Your instructions: When the line containing "ロング 大人韓国ヘア🎀 しょうこLuanaのヘアスタイル" appears in the data below, begin copying there and stop only after the line containing "Drawstring Bucket Bag".
====== Task data
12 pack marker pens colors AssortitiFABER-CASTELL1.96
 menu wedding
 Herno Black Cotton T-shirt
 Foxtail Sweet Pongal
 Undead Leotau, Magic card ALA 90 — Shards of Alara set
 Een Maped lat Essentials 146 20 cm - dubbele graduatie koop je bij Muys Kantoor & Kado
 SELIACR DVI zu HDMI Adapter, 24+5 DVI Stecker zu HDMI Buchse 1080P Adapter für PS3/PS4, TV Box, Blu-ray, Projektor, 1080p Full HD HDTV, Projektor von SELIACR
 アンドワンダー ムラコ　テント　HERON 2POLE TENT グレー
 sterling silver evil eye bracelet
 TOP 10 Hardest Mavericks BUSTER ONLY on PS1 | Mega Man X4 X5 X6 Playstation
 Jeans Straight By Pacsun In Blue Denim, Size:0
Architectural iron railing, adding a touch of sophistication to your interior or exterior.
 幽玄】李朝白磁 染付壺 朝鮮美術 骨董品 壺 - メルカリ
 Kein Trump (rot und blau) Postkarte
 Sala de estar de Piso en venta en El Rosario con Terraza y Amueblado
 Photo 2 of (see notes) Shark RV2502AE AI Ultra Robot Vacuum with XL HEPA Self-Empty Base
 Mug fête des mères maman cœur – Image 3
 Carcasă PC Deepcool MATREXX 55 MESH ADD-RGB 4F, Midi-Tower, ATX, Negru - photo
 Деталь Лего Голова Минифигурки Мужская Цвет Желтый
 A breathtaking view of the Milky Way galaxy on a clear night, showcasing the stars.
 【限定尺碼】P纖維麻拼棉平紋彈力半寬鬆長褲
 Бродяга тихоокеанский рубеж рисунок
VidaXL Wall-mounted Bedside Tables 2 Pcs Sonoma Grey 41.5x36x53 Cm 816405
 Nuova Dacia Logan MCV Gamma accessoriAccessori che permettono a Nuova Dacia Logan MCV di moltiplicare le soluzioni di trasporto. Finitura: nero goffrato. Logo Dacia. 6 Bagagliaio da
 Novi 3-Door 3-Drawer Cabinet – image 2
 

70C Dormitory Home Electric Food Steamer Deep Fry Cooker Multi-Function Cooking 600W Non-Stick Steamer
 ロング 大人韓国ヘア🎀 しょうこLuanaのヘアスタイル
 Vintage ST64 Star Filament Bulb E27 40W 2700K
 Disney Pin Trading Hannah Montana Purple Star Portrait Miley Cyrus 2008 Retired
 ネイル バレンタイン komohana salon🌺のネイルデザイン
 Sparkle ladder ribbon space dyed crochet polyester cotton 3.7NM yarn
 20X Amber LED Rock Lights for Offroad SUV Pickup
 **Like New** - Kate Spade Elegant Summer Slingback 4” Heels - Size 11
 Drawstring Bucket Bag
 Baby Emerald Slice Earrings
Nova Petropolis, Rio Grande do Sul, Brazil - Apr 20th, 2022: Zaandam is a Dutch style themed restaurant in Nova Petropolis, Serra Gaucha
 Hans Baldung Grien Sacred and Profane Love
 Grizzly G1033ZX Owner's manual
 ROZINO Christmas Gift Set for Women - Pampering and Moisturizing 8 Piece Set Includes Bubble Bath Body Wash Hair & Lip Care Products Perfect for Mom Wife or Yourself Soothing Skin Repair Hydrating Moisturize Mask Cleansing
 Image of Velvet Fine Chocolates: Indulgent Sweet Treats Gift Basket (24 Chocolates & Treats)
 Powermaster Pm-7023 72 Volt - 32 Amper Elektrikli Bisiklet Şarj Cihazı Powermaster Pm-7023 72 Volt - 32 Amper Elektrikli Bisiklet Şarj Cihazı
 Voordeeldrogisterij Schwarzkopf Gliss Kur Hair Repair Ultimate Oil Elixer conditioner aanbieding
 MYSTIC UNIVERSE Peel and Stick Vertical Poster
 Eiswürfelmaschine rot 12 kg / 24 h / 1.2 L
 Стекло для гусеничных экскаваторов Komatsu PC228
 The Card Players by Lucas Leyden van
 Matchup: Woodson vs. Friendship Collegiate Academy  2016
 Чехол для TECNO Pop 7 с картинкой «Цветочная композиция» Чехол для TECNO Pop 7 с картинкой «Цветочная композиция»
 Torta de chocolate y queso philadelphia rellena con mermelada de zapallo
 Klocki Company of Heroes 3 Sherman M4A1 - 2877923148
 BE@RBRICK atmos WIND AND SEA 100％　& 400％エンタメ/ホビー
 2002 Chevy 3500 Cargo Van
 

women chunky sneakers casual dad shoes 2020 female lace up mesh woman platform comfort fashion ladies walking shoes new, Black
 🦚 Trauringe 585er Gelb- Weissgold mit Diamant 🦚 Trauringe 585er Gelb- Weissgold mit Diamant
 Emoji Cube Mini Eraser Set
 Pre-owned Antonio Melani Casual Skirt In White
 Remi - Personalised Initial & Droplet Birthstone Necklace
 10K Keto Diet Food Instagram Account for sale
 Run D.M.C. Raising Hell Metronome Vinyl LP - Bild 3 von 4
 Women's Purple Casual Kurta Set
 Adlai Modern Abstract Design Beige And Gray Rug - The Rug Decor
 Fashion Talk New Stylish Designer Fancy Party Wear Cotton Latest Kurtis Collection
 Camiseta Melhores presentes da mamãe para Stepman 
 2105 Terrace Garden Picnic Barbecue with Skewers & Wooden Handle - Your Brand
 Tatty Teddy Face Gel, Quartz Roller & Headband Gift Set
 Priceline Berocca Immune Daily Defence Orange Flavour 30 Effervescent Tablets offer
============
Finished task:
 ロング 大人韓国ヘア🎀 しょうこLuanaのヘアスタイル
 Vintage ST64 Star Filament Bulb E27 40W 2700K
 Disney Pin Trading Hannah Montana Purple Star Portrait Miley Cyrus 2008 Retired
 ネイル バレンタイン komohana salon🌺のネイルデザイン
 Sparkle ladder ribbon space dyed crochet polyester cotton 3.7NM yarn
 20X Amber LED Rock Lights for Offroad SUV Pickup
 **Like New** - Kate Spade Elegant Summer Slingback 4” Heels - Size 11
 Drawstring Bucket Bag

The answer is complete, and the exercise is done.